> Task: Nothing past the line containing "Gonzalo de la Cierva" belongs in the output. Copy exactly every line of the data below from the first up to and including it.
Input: Begin
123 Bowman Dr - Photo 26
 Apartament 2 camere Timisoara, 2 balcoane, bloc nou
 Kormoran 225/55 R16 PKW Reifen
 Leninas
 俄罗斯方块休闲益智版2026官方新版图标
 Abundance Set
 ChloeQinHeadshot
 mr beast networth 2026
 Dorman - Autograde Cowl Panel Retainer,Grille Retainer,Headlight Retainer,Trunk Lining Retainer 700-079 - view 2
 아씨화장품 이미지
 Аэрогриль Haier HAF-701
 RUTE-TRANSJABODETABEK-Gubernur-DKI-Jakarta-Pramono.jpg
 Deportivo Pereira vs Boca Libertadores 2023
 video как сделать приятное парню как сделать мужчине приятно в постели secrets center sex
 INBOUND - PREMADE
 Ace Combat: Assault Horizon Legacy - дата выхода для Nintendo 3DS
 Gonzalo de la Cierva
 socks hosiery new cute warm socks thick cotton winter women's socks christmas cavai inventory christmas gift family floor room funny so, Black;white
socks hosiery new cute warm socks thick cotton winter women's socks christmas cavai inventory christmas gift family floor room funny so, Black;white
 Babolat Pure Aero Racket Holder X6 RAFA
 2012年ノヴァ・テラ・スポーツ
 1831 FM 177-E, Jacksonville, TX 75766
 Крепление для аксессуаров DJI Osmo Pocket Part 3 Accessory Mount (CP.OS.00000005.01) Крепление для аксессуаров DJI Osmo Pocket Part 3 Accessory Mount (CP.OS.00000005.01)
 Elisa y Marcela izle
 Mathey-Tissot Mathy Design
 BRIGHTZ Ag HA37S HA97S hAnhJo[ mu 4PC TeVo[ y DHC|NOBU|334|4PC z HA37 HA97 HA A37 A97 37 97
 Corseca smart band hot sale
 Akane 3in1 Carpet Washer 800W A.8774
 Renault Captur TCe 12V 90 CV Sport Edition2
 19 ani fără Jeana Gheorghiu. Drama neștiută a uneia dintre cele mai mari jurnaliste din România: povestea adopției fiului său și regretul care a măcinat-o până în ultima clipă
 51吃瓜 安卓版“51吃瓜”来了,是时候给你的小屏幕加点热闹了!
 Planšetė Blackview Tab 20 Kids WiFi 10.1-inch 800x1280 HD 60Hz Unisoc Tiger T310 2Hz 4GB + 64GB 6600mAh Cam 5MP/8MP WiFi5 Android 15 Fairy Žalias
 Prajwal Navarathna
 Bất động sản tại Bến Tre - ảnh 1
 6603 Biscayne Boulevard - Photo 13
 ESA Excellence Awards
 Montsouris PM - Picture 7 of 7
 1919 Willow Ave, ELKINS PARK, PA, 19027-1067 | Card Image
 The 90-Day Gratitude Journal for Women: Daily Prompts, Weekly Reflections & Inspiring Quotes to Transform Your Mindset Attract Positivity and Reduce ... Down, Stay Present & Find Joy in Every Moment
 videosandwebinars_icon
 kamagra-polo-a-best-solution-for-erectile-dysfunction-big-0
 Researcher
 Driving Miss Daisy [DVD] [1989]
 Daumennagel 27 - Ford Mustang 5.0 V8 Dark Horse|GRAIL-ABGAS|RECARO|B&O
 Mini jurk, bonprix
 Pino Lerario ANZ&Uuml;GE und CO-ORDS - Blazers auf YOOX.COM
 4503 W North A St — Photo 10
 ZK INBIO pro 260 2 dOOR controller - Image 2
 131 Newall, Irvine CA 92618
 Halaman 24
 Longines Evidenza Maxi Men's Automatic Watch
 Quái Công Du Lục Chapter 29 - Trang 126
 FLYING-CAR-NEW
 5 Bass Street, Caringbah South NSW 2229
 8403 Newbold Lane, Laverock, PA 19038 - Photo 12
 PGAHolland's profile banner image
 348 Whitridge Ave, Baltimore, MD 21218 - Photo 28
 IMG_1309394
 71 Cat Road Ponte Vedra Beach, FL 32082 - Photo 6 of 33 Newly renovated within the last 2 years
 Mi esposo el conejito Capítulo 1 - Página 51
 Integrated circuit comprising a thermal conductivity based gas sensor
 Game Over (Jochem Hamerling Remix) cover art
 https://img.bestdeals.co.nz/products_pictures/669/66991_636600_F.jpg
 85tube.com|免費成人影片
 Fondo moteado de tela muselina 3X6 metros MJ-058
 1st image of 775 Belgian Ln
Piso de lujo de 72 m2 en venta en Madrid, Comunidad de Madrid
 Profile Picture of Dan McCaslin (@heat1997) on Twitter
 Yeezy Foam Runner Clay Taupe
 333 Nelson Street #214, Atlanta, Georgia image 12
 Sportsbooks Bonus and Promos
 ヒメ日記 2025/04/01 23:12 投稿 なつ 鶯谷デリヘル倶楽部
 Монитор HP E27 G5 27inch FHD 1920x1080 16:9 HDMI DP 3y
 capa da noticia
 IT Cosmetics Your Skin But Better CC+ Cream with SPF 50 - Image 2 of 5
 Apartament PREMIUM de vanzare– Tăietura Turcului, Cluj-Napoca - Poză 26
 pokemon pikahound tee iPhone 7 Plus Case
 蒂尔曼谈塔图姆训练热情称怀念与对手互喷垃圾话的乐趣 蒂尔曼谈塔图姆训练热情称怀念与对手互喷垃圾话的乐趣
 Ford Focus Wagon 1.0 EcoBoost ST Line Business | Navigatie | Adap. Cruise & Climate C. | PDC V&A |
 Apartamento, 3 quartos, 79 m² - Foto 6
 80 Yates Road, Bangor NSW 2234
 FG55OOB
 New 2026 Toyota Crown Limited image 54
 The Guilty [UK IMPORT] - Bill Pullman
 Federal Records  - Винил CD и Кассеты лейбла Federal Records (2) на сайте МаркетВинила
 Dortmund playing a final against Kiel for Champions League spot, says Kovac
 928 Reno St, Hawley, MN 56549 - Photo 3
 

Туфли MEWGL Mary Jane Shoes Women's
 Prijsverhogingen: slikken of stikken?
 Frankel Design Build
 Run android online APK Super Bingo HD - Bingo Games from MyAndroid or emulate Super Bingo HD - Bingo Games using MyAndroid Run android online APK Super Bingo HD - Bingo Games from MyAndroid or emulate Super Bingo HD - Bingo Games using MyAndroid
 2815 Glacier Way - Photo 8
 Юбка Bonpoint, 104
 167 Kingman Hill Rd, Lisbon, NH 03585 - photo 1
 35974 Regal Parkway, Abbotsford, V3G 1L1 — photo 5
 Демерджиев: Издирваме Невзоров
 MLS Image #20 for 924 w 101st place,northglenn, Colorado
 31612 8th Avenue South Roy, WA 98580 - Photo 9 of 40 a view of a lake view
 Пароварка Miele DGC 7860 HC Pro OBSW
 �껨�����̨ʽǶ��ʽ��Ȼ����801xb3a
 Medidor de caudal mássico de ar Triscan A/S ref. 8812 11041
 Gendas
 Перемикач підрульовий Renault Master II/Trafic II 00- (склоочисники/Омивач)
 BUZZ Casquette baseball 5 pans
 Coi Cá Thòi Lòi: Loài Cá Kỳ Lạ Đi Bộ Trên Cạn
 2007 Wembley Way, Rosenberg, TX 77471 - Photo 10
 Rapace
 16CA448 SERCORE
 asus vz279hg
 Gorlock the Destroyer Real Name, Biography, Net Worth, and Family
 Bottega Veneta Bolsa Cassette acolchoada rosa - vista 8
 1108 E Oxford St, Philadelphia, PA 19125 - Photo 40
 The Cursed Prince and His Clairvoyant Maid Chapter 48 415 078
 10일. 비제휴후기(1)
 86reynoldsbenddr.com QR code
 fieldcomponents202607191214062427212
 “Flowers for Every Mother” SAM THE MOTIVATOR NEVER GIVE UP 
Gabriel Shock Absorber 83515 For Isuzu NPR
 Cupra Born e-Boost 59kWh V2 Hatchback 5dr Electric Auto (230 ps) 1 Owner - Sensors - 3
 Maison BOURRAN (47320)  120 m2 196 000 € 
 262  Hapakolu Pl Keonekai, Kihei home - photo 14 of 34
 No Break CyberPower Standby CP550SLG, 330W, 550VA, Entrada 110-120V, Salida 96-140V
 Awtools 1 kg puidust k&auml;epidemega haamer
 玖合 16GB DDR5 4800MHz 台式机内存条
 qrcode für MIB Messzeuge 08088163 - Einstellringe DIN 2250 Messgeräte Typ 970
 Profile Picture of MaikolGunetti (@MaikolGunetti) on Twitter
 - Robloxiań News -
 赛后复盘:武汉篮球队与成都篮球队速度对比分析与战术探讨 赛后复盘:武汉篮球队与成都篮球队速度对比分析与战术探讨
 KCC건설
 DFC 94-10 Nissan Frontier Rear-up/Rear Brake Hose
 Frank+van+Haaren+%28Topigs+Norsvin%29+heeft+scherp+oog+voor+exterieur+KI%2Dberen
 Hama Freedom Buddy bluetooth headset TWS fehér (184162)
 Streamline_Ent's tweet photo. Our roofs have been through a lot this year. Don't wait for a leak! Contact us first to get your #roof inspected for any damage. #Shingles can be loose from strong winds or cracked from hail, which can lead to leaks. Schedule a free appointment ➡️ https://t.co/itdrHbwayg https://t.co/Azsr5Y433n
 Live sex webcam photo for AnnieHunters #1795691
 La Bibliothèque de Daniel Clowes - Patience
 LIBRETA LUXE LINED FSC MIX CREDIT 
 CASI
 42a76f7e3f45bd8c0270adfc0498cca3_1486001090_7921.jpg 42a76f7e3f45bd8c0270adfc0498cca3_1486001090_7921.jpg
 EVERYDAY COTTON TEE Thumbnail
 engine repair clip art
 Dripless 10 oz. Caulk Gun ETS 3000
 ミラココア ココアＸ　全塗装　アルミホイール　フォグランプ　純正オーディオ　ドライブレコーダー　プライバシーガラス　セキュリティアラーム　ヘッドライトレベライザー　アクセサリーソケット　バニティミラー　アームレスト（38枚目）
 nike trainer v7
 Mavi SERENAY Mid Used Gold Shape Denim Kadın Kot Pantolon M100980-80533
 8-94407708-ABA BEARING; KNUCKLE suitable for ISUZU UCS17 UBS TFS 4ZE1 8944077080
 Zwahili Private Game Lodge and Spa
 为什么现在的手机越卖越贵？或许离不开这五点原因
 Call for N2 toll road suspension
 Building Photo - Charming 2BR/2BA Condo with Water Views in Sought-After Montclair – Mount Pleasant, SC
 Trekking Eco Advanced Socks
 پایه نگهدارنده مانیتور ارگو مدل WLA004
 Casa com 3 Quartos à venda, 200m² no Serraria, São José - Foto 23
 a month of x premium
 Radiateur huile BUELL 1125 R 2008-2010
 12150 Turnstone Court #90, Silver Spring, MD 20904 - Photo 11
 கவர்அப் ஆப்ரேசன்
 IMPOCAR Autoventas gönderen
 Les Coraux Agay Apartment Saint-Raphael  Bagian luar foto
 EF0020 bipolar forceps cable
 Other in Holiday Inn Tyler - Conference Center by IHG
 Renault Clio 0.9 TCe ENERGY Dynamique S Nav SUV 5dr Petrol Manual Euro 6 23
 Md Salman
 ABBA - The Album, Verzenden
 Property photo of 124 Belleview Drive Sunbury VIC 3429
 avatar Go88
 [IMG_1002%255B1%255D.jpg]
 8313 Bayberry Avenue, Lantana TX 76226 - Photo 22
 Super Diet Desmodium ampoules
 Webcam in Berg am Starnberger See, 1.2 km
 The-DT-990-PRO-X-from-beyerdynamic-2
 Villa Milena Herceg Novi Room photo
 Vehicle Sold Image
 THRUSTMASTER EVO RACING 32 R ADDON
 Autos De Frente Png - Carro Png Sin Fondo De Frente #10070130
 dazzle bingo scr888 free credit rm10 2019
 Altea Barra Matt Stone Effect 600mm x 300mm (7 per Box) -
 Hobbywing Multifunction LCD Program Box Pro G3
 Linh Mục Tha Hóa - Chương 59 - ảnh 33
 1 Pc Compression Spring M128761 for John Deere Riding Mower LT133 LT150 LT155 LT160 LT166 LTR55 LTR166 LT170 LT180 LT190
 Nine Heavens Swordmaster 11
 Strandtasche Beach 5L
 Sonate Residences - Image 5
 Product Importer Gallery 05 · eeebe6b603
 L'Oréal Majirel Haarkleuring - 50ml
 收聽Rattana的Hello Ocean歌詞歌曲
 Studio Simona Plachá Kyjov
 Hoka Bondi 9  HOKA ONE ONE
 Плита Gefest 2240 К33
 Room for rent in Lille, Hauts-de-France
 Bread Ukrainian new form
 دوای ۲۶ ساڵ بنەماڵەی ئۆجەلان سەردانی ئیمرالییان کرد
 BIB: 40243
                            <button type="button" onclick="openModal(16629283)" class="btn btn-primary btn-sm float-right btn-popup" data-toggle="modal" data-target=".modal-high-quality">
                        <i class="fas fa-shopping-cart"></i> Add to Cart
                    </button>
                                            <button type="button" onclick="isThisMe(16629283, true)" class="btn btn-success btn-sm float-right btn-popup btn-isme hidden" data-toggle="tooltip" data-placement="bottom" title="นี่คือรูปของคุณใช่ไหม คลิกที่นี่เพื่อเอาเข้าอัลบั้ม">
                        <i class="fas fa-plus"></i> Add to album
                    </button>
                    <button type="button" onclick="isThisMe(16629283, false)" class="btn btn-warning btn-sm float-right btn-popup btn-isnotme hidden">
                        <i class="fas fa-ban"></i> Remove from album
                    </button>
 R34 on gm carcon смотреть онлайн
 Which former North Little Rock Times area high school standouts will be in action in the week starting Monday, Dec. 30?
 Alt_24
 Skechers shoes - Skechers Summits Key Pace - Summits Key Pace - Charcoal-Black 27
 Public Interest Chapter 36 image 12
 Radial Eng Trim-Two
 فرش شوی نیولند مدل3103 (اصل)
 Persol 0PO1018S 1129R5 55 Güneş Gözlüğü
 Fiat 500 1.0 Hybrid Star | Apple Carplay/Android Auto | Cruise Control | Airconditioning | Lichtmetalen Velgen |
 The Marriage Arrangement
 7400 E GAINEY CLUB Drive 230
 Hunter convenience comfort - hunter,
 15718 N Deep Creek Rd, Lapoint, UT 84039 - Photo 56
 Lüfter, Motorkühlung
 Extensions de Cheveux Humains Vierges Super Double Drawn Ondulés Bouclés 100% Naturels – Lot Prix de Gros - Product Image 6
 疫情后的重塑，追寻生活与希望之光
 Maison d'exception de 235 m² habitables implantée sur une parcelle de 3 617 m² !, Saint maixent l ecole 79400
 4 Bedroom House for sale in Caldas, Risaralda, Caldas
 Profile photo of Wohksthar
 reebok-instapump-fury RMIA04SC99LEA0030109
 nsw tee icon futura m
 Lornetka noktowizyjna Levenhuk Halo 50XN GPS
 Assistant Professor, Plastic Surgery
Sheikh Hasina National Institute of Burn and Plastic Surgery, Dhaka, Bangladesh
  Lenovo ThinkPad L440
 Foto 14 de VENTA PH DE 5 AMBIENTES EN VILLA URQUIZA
Input: End
> Reply:
123 Bowman Dr - Photo 26
 Apartament 2 camere Timisoara, 2 balcoane, bloc nou
 Kormoran 225/55 R16 PKW Reifen
 Leninas
 俄罗斯方块休闲益智版2026官方新版图标
 Abundance Set
 ChloeQinHeadshot
 mr beast networth 2026
 Dorman - Autograde Cowl Panel Retainer,Grille Retainer,Headlight Retainer,Trunk Lining Retainer 700-079 - view 2
 아씨화장품 이미지
 Аэрогриль Haier HAF-701
 RUTE-TRANSJABODETABEK-Gubernur-DKI-Jakarta-Pramono.jpg
 Deportivo Pereira vs Boca Libertadores 2023
 video как сделать приятное парню как сделать мужчине приятно в постели secrets center sex
 INBOUND - PREMADE
 Ace Combat: Assault Horizon Legacy - дата выхода для Nintendo 3DS
 Gonzalo de la Cierva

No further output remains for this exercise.